**WORK INSTRUCTION**. When you repeat the entries below, keep each word exactly as it is and drop the pictures.

Image-text web data
'''

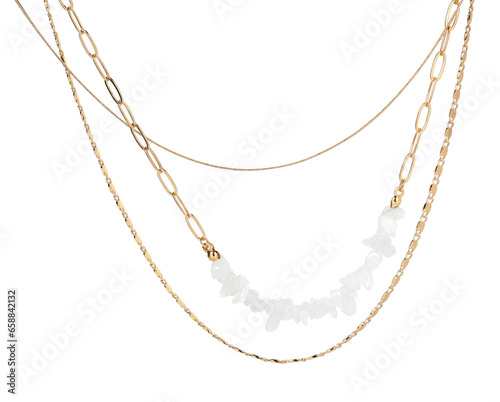 Metal chains with gemstones isolated on white. Luxury jewelry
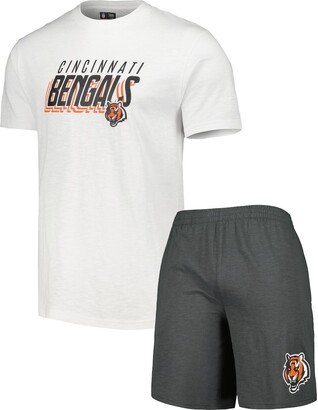 Men's Concepts Sport Charcoal, White Cincinnati Bengals Downfield T-shirt and Shorts Sleep Set - Charcoal, White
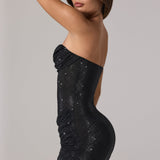 Fekete Díszes Bandeau Mini Ruha Cowl-Waist Részletekkel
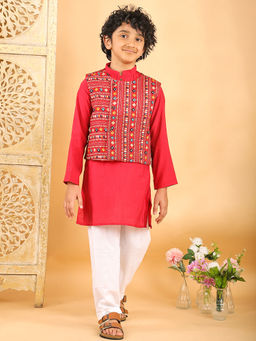 Kinder Kids - Solid Kurta and Pyjama With Printed Jacket - Red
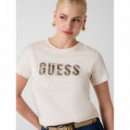 Guess  Camiseta Triangle Logo Blanco W6YI30 K4349-G012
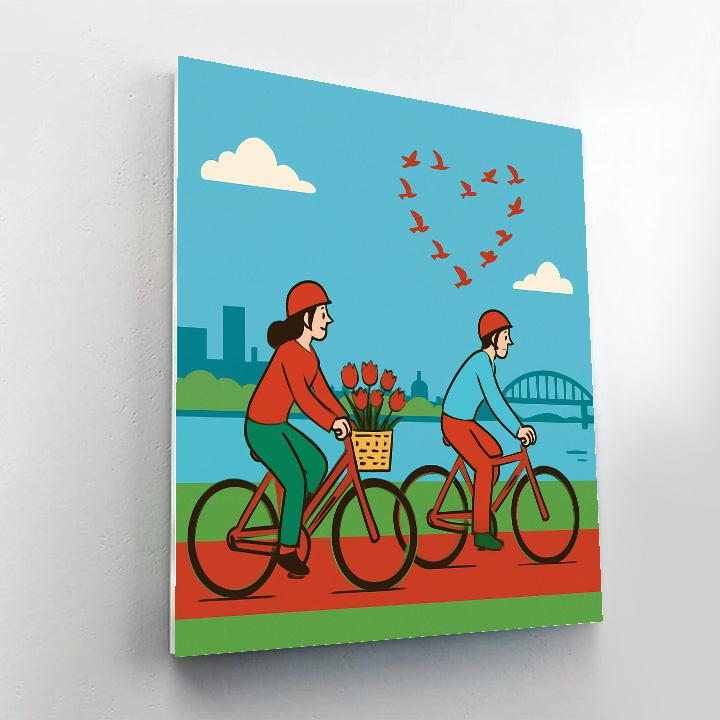 Riverside Bike Ride For Valentines Day Numbered painting kits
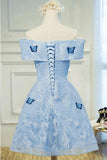 Cute A Line Sky Blue Lace Butterfly Appliques Off the Shoulder Homecoming Dresses RRJS977 Rjerdress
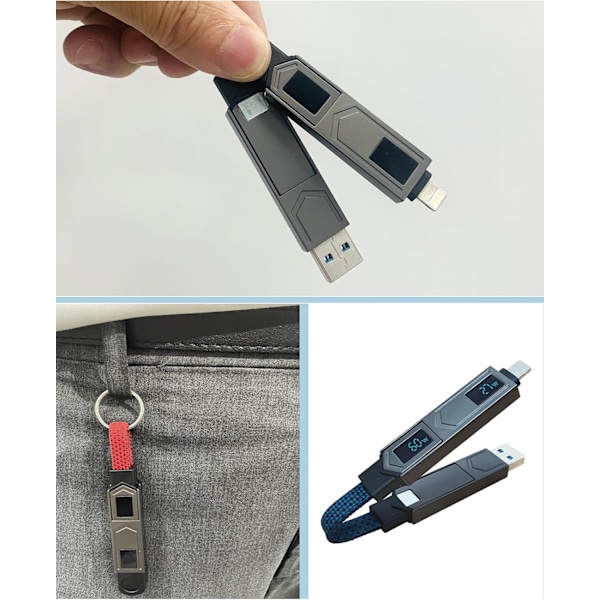 4-i-1 PD65W Datakabel Multi USB Laddningskabel: Kort EDC-kabel för Lightning, Typ C och A Blue
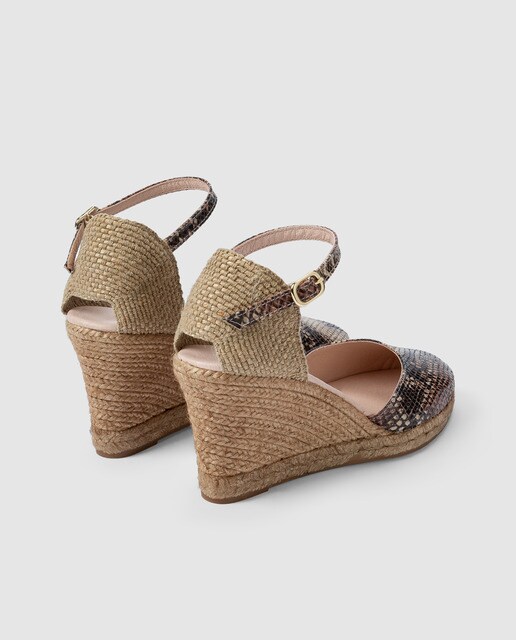 Alpargatas de cuña de mujer Zendra Basic con print serpiente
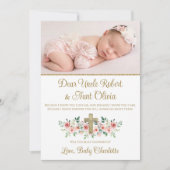 Invitation Marraine Fille Croix Florale Aquarelle (Devant)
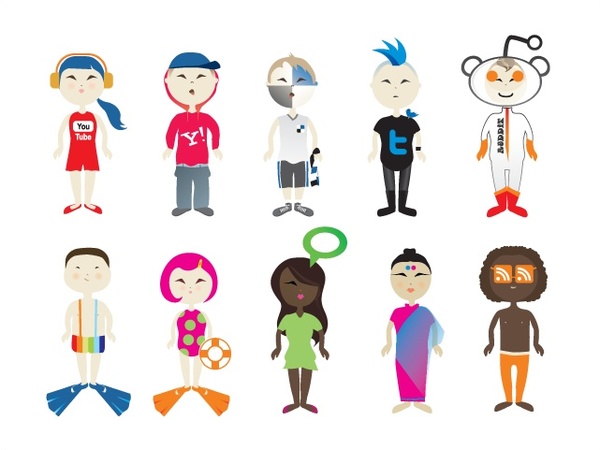 human icons design with various costume styles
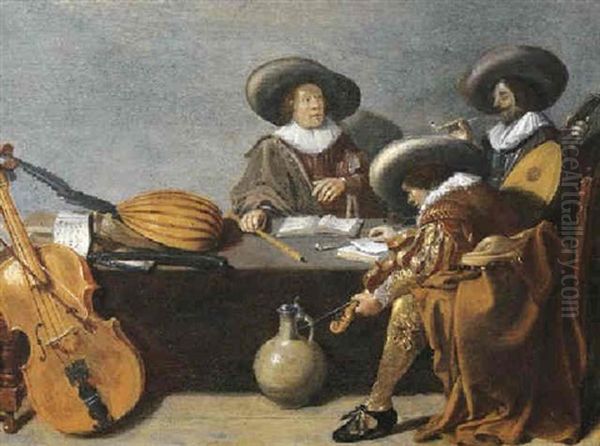 Officers Smoking And Music-making In An Interior - view 1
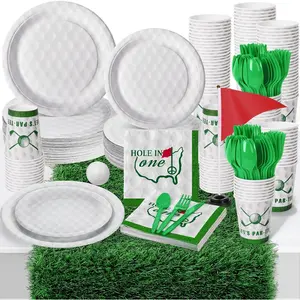 172 PCS 3D Golf Ball Party Supplies with Artificial Grass Table Runners Paper Ball Plates Napkins Dinnerware Set Includes Red Flag Plastic Flag Stand Forks Serve 24 for Birthday Sports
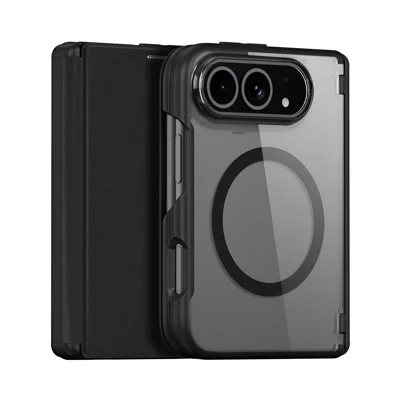DUX DUCIS für iPhone Fold Magnetisches Etui Skin X Pro Serie Flip Ledertasche - Schwarz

'''

**RESPONSE**.
 Metal chains with gemstones isolated on white. Luxury jewelry
 Men's Concepts Sport Charcoal, White Cincinnati Bengals Downfield T-shirt and Shorts Sleep Set - Charcoal, White
 Fekete Díszes Bandeau Mini Ruha Cowl-Waist Részletekkel
 Kinder Kids - Solid Kurta and Pyjama With Printed Jacket - Red
 Guess  Camiseta Triangle Logo Blanco W6YI30 K4349-G012
 Riverside Bike Ride For Valentines Day Numbered painting kits
 Cute A Line Sky Blue Lace Butterfly Appliques Off the Shoulder Homecoming Dresses RRJS977 Rjerdress
 4-i-1 PD65W Datakabel Multi USB Laddningskabel: Kort EDC-kabel för Lightning, Typ C och A Blue
 Alpargatas de cuña de mujer Zendra Basic con print serpiente
 Invitation Marraine Fille Croix Florale Aquarelle (Devant)
 human icons design with various costume styles
 Officers Smoking And Music-making In An Interior - view 1
 172 PCS 3D Golf Ball Party Supplies with Artificial Grass Table Runners Paper Ball Plates Napkins Dinnerware Set Includes Red Flag Plastic Flag Stand Forks Serve 24 for Birthday Sports
DUX DUCIS für iPhone Fold Magnetisches Etui Skin X Pro Serie Flip Ledertasche - Schwarz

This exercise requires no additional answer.